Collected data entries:

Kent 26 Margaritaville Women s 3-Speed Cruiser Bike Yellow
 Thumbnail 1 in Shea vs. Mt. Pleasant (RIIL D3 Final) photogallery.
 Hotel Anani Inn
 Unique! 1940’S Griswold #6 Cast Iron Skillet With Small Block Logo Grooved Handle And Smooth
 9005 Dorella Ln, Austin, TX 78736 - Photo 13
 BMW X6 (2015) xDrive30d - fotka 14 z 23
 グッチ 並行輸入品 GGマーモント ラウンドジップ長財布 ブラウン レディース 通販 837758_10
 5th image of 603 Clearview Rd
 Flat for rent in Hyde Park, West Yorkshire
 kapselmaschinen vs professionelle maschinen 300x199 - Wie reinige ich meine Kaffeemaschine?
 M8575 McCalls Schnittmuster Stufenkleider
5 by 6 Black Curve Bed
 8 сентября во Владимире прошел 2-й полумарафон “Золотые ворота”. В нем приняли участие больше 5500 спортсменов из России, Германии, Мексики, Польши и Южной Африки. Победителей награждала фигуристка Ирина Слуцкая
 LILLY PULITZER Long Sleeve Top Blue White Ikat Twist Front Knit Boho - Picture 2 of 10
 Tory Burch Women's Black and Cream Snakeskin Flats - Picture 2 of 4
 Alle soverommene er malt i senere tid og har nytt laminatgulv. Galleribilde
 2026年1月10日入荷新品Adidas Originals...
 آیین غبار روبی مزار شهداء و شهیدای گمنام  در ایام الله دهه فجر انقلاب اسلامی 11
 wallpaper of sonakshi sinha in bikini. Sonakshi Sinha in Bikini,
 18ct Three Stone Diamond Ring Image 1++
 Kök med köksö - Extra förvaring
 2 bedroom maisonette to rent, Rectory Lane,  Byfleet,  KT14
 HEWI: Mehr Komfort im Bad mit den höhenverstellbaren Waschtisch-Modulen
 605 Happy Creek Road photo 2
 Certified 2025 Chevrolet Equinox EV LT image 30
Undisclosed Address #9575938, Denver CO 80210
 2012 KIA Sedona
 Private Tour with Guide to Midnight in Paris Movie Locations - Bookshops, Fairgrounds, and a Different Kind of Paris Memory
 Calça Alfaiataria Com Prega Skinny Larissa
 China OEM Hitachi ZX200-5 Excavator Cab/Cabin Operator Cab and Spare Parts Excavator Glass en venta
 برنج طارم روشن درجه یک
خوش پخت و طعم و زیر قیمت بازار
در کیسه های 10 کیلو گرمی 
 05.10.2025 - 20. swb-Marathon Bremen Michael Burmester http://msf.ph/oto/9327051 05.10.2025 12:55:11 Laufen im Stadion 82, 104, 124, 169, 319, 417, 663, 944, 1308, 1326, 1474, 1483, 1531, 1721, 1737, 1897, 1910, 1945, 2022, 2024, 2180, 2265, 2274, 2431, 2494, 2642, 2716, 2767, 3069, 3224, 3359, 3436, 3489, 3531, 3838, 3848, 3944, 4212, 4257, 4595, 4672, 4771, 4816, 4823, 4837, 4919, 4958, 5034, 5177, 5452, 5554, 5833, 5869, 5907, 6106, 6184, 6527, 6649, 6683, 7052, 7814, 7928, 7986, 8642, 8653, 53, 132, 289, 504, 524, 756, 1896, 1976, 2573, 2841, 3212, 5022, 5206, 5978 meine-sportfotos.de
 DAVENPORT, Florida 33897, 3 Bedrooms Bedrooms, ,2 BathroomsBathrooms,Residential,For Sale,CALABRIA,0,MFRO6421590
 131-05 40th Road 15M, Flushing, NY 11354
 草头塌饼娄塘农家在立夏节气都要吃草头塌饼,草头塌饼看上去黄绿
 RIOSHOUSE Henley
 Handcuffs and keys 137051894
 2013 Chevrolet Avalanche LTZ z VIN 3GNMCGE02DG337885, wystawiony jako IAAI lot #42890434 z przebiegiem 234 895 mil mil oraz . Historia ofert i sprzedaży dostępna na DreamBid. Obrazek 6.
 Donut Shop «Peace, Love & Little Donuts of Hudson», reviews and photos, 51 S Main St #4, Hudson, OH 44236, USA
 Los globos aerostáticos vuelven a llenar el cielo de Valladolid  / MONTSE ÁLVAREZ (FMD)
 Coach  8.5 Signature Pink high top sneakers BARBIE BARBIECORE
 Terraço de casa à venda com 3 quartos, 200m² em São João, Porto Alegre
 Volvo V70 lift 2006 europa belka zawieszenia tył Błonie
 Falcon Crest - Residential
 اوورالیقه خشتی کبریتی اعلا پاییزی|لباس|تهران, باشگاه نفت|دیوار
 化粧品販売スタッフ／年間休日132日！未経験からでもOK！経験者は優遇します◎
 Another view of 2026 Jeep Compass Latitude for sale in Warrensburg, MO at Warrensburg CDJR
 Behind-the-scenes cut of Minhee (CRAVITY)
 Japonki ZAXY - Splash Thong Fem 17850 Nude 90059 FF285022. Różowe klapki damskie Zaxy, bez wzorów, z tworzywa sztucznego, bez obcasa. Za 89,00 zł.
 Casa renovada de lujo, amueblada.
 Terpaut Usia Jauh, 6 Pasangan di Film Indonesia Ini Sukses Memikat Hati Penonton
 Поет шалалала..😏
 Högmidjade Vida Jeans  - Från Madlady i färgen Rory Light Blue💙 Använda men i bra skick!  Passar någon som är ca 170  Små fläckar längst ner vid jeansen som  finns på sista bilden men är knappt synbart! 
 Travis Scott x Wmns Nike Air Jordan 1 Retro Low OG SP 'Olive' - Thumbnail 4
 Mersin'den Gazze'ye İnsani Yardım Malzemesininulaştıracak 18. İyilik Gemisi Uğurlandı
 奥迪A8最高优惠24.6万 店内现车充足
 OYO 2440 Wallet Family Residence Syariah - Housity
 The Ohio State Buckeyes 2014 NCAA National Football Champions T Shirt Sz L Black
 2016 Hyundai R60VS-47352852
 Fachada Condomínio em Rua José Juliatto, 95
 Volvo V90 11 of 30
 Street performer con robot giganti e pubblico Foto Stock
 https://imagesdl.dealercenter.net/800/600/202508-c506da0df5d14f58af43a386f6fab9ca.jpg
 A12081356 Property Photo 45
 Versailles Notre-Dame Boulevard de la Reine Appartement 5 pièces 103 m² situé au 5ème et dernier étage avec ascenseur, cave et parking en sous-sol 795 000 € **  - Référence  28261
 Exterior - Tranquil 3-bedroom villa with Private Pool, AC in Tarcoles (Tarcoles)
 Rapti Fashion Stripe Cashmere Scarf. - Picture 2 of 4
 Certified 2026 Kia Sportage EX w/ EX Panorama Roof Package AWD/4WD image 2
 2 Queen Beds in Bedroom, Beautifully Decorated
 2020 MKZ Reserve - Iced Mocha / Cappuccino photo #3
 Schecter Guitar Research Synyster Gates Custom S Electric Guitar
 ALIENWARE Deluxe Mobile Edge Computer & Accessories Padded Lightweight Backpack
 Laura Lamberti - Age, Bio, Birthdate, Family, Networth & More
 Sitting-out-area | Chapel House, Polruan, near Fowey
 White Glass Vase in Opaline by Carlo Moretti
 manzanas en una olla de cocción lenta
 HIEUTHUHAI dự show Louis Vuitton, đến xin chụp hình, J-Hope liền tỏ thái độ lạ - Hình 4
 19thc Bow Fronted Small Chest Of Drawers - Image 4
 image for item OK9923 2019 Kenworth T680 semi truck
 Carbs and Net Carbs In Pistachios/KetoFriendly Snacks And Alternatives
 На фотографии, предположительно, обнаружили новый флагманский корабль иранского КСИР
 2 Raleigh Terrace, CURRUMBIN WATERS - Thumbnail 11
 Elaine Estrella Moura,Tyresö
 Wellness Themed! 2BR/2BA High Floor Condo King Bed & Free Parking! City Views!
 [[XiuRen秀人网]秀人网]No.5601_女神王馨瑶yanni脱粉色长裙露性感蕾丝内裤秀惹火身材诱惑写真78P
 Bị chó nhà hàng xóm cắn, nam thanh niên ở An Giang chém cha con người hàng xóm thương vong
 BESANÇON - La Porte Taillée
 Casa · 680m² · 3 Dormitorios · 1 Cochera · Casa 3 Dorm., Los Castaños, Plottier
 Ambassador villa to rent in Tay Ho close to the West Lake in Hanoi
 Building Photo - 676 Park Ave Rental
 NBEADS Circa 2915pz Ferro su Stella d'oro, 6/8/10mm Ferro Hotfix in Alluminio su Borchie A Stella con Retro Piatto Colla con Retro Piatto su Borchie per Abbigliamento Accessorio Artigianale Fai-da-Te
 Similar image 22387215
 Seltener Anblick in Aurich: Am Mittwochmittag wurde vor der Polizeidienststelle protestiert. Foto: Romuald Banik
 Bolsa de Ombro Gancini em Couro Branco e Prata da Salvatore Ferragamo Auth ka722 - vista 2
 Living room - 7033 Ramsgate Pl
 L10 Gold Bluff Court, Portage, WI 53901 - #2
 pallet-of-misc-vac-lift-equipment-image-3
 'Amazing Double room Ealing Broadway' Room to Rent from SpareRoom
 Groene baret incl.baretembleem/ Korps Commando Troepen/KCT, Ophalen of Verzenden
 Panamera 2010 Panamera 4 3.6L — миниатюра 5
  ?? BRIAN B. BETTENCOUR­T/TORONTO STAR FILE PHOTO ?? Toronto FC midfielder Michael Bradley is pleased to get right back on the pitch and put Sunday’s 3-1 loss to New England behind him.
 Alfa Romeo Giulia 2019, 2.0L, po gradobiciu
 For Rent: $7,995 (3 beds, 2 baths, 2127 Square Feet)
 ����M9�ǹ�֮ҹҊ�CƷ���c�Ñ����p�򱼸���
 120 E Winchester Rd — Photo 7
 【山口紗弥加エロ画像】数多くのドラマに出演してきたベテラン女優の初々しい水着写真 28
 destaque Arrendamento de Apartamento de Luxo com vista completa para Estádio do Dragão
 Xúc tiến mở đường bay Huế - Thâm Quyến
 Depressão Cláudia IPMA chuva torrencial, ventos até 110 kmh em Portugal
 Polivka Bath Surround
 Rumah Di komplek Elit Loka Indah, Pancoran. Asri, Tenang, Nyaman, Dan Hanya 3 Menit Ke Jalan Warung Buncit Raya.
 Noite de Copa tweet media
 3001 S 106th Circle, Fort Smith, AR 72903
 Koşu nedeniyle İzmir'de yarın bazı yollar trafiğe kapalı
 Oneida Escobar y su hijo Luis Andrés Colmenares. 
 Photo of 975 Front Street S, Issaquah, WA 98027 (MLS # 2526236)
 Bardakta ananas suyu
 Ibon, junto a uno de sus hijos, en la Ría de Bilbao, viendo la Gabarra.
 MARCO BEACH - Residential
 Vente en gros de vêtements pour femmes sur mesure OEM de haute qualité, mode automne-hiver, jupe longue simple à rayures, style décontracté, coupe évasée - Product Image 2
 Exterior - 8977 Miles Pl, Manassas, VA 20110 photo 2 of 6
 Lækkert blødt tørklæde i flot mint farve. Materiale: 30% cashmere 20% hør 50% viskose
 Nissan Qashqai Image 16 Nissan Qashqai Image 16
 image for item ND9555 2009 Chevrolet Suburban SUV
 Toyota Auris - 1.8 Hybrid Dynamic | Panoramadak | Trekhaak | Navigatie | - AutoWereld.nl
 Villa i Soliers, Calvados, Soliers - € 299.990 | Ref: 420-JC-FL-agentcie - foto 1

What is needed: Up to and including the line with "8 сентября во", print every line of the records from the start.

Completed task:
Kent 26 Margaritaville Women s 3-Speed Cruiser Bike Yellow
 Thumbnail 1 in Shea vs. Mt. Pleasant (RIIL D3 Final) photogallery.
 Hotel Anani Inn
 Unique! 1940’S Griswold #6 Cast Iron Skillet With Small Block Logo Grooved Handle And Smooth
 9005 Dorella Ln, Austin, TX 78736 - Photo 13
 BMW X6 (2015) xDrive30d - fotka 14 z 23
 グッチ 並行輸入品 GGマーモント ラウンドジップ長財布 ブラウン レディース 通販 837758_10
 5th image of 603 Clearview Rd
 Flat for rent in Hyde Park, West Yorkshire
 kapselmaschinen vs professionelle maschinen 300x199 - Wie reinige ich meine Kaffeemaschine?
 M8575 McCalls Schnittmuster Stufenkleider
5 by 6 Black Curve Bed
 8 сентября во Владимире прошел 2-й полумарафон “Золотые ворота”. В нем приняли участие больше 5500 спортсменов из России, Германии, Мексики, Польши и Южной Африки. Победителей награждала фигуристка Ирина Слуцкая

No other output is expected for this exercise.